Lungo la nostra giornata quanti gesti forse scivolano via, vuoti d’amore, e ci lasciano insoddisfatti! Non potresti provare a “trasfigurare” ognuno dei tuoi gesti, a trasformarlo cioè in un gesto di attenzione agli altri, in un capolavoro d’amore? Comincia subito con le persone che ti stanno vicino.

Molte volte al giorno io posso raccogliermi in una pausa di silenzio oppure posso attivare la mia attenzione durante il lavoro, il gioco, e anche in mezzo alla confusione, per avvertire la voce del Padre che mi ripete: “Gesù è il mio Figlio, è tutto il mio amore, è tutta la mia gioia. Ascoltalo . Cioè accogli la sua parola, mettila in pratica, accetta la sua guida, ubbidisci a Lui”.
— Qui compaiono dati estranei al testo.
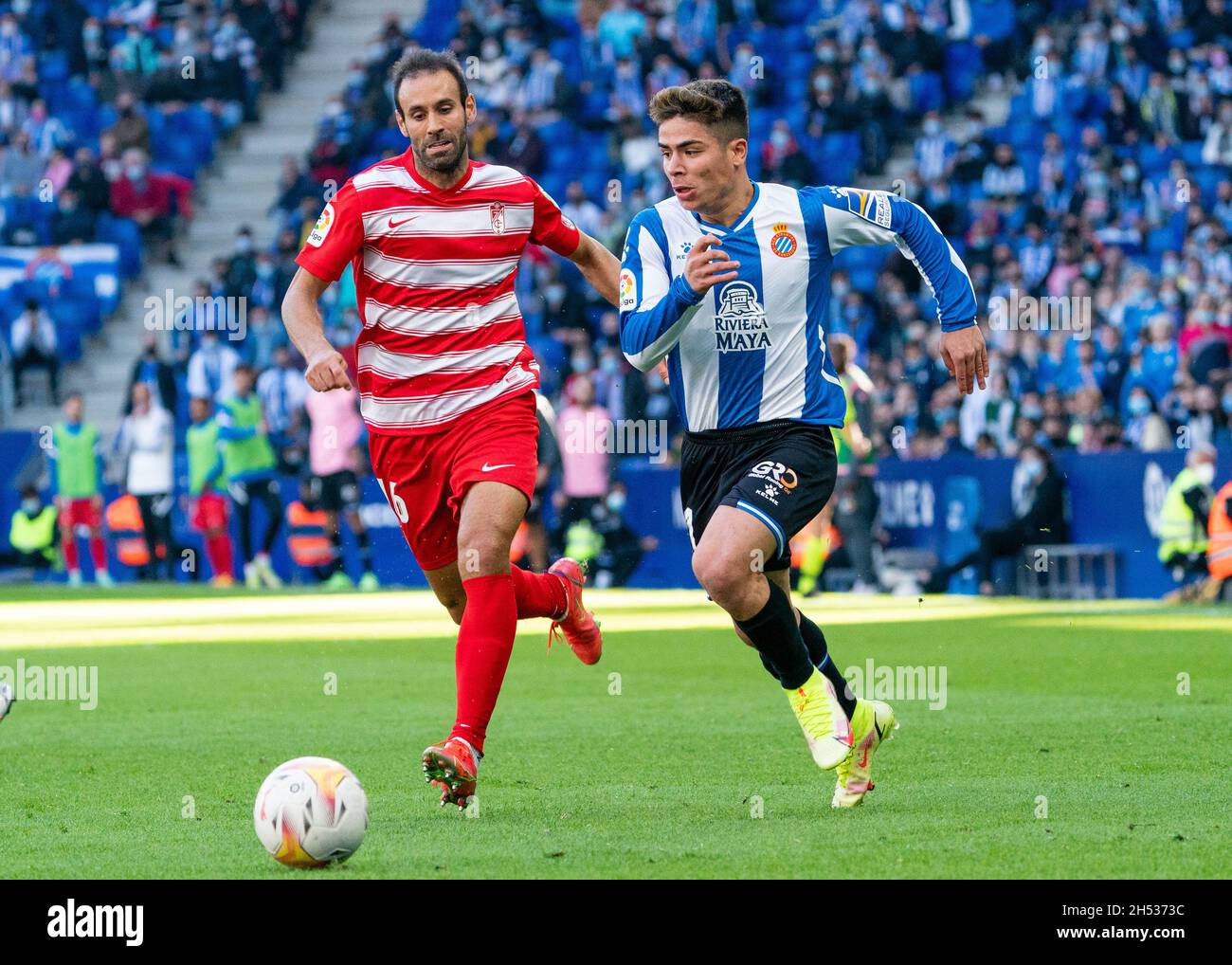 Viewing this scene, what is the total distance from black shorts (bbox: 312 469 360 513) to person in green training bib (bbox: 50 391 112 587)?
301cm

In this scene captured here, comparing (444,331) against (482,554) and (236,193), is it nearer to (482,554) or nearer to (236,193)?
(482,554)

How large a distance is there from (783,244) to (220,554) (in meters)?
15.5

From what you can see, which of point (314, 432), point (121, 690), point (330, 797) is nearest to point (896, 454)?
point (314, 432)

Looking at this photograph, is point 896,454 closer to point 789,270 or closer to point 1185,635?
point 1185,635

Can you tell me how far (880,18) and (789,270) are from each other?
17739 millimetres

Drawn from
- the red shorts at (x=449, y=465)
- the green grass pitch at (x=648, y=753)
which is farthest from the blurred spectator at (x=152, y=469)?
the red shorts at (x=449, y=465)

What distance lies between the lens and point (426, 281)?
715cm

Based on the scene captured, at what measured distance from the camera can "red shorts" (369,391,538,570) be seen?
23.2ft

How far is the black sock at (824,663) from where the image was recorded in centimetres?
690

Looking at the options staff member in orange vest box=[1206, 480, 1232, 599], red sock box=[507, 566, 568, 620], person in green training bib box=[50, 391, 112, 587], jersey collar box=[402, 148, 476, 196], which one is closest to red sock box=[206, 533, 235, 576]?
person in green training bib box=[50, 391, 112, 587]

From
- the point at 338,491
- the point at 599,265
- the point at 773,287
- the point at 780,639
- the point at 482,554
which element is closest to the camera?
the point at 780,639

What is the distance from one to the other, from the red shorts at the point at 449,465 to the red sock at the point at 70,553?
15993 millimetres

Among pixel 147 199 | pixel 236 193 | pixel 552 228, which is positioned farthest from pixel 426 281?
pixel 236 193

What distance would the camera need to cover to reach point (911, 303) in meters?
20.6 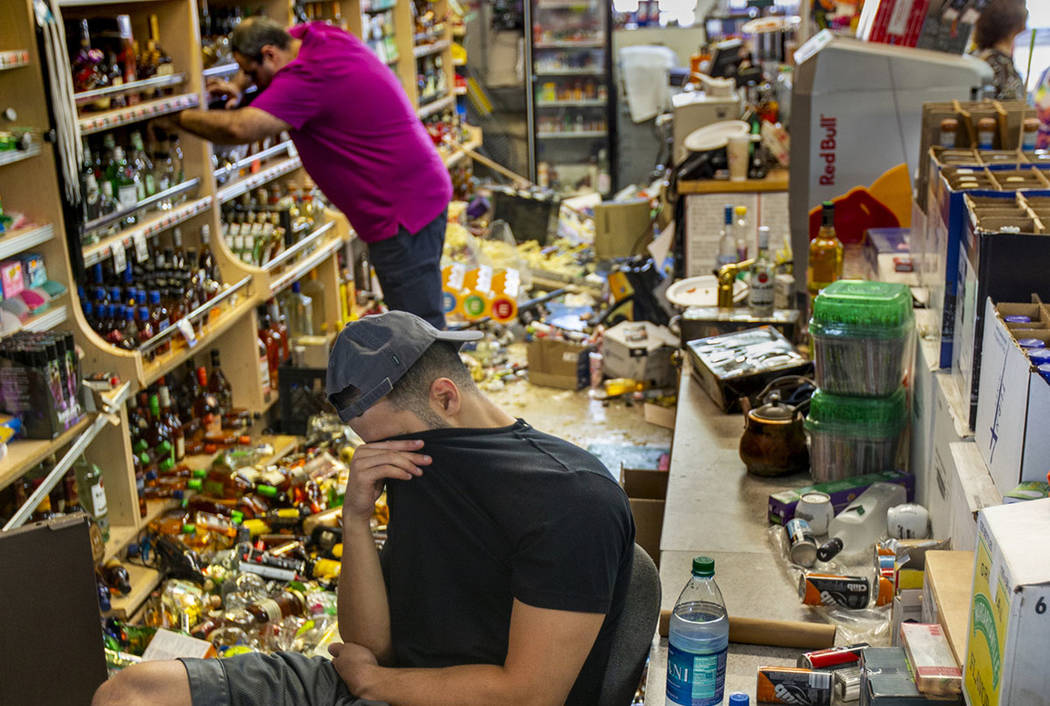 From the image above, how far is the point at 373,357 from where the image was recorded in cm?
190

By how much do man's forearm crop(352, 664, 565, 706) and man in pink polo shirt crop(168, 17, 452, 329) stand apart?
9.63ft

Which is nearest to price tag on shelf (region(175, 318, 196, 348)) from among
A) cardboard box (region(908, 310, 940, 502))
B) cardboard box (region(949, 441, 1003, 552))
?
cardboard box (region(908, 310, 940, 502))

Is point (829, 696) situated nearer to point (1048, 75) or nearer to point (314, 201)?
point (314, 201)

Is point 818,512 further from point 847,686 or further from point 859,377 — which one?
point 847,686

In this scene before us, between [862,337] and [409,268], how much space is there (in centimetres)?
243

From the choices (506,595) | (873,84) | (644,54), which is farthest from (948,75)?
(644,54)

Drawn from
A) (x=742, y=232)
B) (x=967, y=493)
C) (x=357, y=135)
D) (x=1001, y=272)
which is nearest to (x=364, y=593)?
(x=967, y=493)

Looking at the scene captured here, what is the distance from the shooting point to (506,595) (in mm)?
1913

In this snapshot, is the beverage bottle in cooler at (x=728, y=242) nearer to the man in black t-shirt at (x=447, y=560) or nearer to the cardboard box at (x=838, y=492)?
the cardboard box at (x=838, y=492)

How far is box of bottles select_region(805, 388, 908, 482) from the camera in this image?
3102mm

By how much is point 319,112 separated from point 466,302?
2179 mm

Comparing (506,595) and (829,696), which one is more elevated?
(506,595)

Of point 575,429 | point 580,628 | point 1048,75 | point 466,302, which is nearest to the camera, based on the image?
point 580,628

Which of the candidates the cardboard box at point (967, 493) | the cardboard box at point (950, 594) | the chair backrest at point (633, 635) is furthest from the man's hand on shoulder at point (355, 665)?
the cardboard box at point (967, 493) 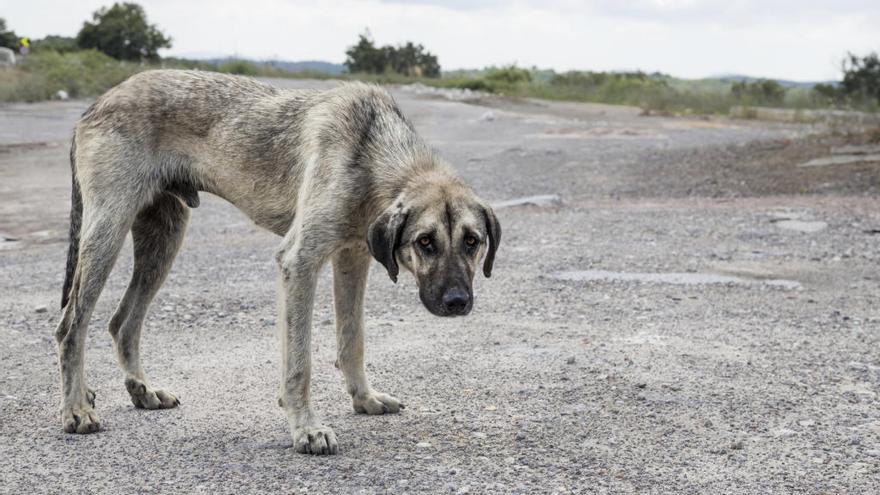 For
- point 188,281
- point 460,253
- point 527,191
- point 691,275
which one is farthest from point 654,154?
point 460,253

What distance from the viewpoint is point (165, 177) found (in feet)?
19.1

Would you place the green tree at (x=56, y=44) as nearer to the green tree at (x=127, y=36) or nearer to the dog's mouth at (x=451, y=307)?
the green tree at (x=127, y=36)

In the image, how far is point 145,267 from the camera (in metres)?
6.12

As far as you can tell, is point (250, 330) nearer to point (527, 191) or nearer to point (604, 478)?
point (604, 478)

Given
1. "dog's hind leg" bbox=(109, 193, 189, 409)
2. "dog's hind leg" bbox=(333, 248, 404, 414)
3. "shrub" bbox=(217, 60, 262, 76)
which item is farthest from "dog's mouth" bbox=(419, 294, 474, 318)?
"shrub" bbox=(217, 60, 262, 76)

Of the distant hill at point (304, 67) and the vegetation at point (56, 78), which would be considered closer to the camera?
the vegetation at point (56, 78)

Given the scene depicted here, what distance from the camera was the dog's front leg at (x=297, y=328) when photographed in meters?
5.18

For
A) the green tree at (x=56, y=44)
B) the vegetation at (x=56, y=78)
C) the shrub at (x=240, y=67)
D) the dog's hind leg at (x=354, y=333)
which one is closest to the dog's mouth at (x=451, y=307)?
the dog's hind leg at (x=354, y=333)

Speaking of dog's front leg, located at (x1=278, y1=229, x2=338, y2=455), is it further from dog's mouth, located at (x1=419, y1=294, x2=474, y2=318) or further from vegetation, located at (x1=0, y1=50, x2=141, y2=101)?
vegetation, located at (x1=0, y1=50, x2=141, y2=101)

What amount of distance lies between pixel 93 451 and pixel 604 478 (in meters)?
2.45

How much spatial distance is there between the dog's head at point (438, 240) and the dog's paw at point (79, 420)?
5.79 ft

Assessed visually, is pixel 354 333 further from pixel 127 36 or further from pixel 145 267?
pixel 127 36

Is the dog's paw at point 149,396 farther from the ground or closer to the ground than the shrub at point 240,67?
closer to the ground

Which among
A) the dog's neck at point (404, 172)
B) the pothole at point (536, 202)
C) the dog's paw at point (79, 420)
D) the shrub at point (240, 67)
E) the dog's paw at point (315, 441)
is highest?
the shrub at point (240, 67) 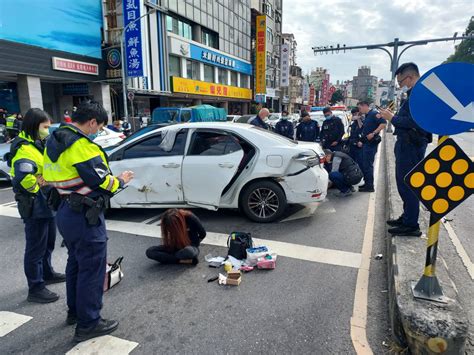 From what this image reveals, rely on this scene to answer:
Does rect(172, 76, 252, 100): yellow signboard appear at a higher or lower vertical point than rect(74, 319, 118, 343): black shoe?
higher

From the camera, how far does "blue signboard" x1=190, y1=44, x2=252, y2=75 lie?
93.8 feet

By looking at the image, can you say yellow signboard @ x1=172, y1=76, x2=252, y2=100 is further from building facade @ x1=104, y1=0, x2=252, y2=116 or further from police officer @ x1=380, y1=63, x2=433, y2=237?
police officer @ x1=380, y1=63, x2=433, y2=237

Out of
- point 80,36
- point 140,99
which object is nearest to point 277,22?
point 140,99

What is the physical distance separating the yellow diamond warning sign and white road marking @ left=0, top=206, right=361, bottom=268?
1.51m

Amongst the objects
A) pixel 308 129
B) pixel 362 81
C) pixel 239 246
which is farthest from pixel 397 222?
pixel 362 81

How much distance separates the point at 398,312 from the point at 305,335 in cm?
70

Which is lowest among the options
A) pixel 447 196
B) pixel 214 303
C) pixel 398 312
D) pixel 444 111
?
pixel 214 303

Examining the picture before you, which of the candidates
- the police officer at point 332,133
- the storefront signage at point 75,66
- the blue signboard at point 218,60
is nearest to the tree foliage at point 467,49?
the blue signboard at point 218,60

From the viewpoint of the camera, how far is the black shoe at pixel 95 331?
2.55 m

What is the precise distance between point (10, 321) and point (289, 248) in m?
2.95

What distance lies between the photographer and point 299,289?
3.25 metres

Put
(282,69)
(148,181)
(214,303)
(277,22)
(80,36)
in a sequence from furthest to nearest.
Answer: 1. (277,22)
2. (282,69)
3. (80,36)
4. (148,181)
5. (214,303)

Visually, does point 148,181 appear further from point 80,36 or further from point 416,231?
point 80,36

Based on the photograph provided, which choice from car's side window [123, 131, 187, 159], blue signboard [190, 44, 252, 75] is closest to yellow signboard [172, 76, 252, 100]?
blue signboard [190, 44, 252, 75] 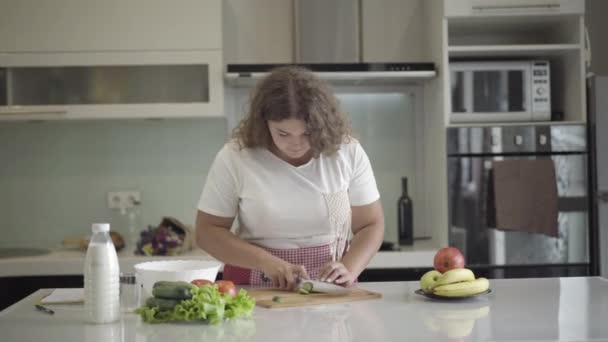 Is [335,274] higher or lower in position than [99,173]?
lower

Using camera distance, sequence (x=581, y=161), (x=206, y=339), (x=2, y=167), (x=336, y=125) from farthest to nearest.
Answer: (x=2, y=167), (x=581, y=161), (x=336, y=125), (x=206, y=339)

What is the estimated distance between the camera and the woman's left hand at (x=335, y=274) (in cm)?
195

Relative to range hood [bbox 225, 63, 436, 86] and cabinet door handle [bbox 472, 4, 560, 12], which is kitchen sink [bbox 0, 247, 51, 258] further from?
cabinet door handle [bbox 472, 4, 560, 12]

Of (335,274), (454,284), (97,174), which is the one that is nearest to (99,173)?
(97,174)

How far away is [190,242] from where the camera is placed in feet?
11.0

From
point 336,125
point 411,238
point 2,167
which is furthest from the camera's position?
point 2,167

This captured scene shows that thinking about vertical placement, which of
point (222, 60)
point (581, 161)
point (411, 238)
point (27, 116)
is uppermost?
point (222, 60)

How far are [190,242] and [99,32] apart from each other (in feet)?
3.15

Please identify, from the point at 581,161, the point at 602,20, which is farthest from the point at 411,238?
the point at 602,20

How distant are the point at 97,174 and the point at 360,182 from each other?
73.5 inches

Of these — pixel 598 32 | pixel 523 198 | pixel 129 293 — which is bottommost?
pixel 129 293

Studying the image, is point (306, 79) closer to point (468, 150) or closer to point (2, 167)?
point (468, 150)

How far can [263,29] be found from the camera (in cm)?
368

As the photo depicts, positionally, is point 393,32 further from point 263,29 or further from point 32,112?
point 32,112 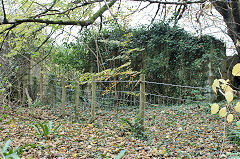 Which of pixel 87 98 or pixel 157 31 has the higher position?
pixel 157 31

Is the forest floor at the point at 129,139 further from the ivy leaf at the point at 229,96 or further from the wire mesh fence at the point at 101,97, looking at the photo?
the ivy leaf at the point at 229,96

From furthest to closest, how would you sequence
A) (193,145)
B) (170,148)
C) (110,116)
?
(110,116), (193,145), (170,148)

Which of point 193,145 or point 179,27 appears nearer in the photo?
point 193,145

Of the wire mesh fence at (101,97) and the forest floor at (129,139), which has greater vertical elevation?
the wire mesh fence at (101,97)

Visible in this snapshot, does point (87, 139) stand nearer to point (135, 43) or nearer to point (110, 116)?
point (110, 116)

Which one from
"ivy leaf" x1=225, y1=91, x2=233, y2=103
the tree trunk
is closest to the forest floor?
"ivy leaf" x1=225, y1=91, x2=233, y2=103

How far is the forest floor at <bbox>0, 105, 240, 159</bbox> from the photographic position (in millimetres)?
A: 2881

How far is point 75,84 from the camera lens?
5258 mm

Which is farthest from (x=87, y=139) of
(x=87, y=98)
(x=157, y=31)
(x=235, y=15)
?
(x=157, y=31)

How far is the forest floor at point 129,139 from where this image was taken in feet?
9.45

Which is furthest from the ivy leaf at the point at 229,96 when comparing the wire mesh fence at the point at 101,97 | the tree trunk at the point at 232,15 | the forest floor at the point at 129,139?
the tree trunk at the point at 232,15

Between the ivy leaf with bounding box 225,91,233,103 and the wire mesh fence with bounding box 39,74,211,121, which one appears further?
the wire mesh fence with bounding box 39,74,211,121

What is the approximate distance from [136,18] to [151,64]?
6.40 ft

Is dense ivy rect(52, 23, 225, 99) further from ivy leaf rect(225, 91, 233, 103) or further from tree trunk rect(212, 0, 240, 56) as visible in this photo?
ivy leaf rect(225, 91, 233, 103) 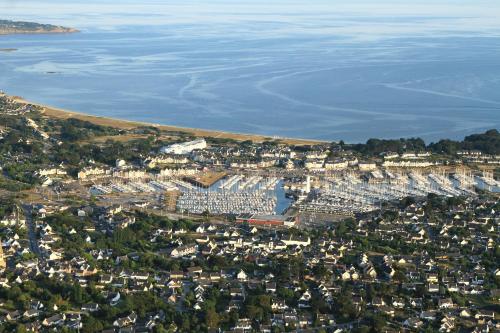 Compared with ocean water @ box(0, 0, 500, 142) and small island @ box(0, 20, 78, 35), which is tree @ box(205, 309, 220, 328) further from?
small island @ box(0, 20, 78, 35)

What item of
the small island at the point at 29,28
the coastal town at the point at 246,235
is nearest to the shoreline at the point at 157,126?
the coastal town at the point at 246,235

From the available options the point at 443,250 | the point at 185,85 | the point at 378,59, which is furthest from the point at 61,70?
the point at 443,250

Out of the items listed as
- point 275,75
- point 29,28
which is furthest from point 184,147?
point 29,28

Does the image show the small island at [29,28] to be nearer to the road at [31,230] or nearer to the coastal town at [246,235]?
the coastal town at [246,235]

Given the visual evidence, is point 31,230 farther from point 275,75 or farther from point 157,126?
point 275,75

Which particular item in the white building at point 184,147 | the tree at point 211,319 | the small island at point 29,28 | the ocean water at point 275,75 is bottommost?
the tree at point 211,319

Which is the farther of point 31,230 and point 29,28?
point 29,28

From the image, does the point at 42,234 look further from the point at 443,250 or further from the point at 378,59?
the point at 378,59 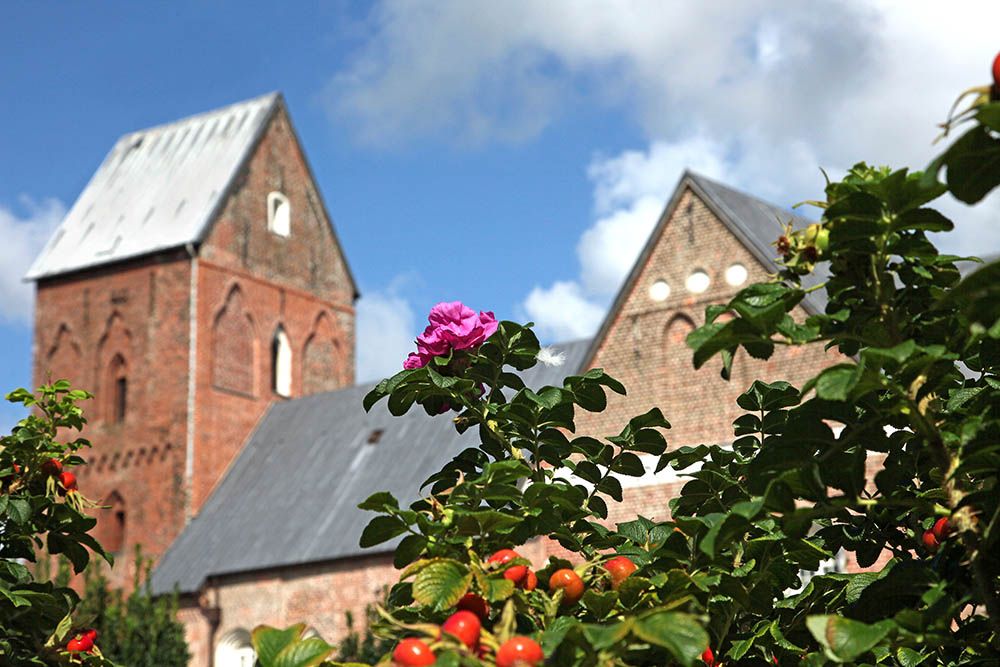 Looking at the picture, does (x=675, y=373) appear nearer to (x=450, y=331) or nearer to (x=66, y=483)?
(x=66, y=483)

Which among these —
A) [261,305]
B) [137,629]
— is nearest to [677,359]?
[137,629]

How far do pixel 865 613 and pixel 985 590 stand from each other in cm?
30

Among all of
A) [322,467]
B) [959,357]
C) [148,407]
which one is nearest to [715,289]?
[322,467]

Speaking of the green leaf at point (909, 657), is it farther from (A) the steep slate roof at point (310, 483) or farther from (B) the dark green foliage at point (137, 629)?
(A) the steep slate roof at point (310, 483)

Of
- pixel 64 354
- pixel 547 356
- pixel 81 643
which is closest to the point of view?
pixel 547 356

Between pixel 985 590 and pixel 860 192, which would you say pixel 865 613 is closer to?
pixel 985 590

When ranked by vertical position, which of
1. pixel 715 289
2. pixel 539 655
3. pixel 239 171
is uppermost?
pixel 239 171

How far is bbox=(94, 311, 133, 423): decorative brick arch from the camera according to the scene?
30.5 metres

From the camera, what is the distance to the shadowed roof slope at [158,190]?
100 ft

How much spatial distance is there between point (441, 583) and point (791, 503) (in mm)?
557

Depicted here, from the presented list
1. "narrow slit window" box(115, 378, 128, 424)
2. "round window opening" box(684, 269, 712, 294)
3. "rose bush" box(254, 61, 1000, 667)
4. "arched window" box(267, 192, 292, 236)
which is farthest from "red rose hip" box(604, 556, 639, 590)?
"arched window" box(267, 192, 292, 236)

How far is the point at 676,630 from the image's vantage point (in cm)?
180

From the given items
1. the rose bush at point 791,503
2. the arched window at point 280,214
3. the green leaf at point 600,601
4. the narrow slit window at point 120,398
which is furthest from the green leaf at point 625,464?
the arched window at point 280,214

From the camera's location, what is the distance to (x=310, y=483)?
27328mm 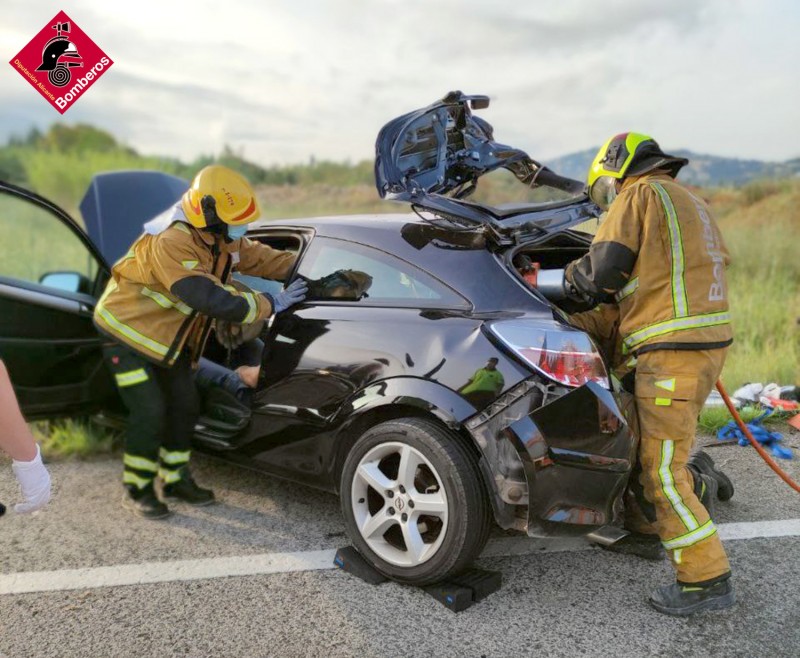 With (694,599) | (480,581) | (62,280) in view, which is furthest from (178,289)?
(694,599)

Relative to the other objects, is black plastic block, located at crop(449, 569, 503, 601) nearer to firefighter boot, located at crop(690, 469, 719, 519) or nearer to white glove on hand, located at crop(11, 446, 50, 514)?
firefighter boot, located at crop(690, 469, 719, 519)

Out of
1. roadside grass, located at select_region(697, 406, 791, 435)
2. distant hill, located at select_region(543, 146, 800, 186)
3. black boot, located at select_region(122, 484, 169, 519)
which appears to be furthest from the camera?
distant hill, located at select_region(543, 146, 800, 186)

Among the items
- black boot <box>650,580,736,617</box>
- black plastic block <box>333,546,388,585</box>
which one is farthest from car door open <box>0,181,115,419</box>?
black boot <box>650,580,736,617</box>

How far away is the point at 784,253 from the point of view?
11.6m

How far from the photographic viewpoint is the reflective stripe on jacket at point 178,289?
3.36 metres

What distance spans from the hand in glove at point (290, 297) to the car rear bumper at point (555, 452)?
1.12 meters

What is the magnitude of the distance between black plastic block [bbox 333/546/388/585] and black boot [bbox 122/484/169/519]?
1057mm

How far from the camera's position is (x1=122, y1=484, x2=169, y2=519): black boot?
12.0 ft

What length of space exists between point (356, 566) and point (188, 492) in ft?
3.93

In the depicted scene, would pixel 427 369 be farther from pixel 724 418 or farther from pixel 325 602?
pixel 724 418

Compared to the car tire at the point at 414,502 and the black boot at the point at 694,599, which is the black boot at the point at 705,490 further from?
the car tire at the point at 414,502

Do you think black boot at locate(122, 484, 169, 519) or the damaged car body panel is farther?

Il rapporto con la parola di Gesù, come anche il dialogo con Lui nella preghiera, ci “trasfigura” interiormente rendendoci sempre più simili a Lui, altri Lui. Il custodire nel cuore, lungo la giornata, anche una sola delle parole di Gesù, che ci sono state donate nella celebrazione domenicale o che abbiamo colto leggendo il Vangelo, “trasfigura” a poco a poco il nostro modo di pensare e di agire e rende il nostro volto più luminoso, quasi trasparenza del volto di Gesù.

Quante volte lungo la giornata mi capita di leggere o ascoltare o lasciare risuonare nel mio cuore una parola del Vangelo e di impegnarmi subito a viverla? Perché non comunicare anche con qualcuno della famiglia e con altri ciò che abbiamo potuto capire e vivere?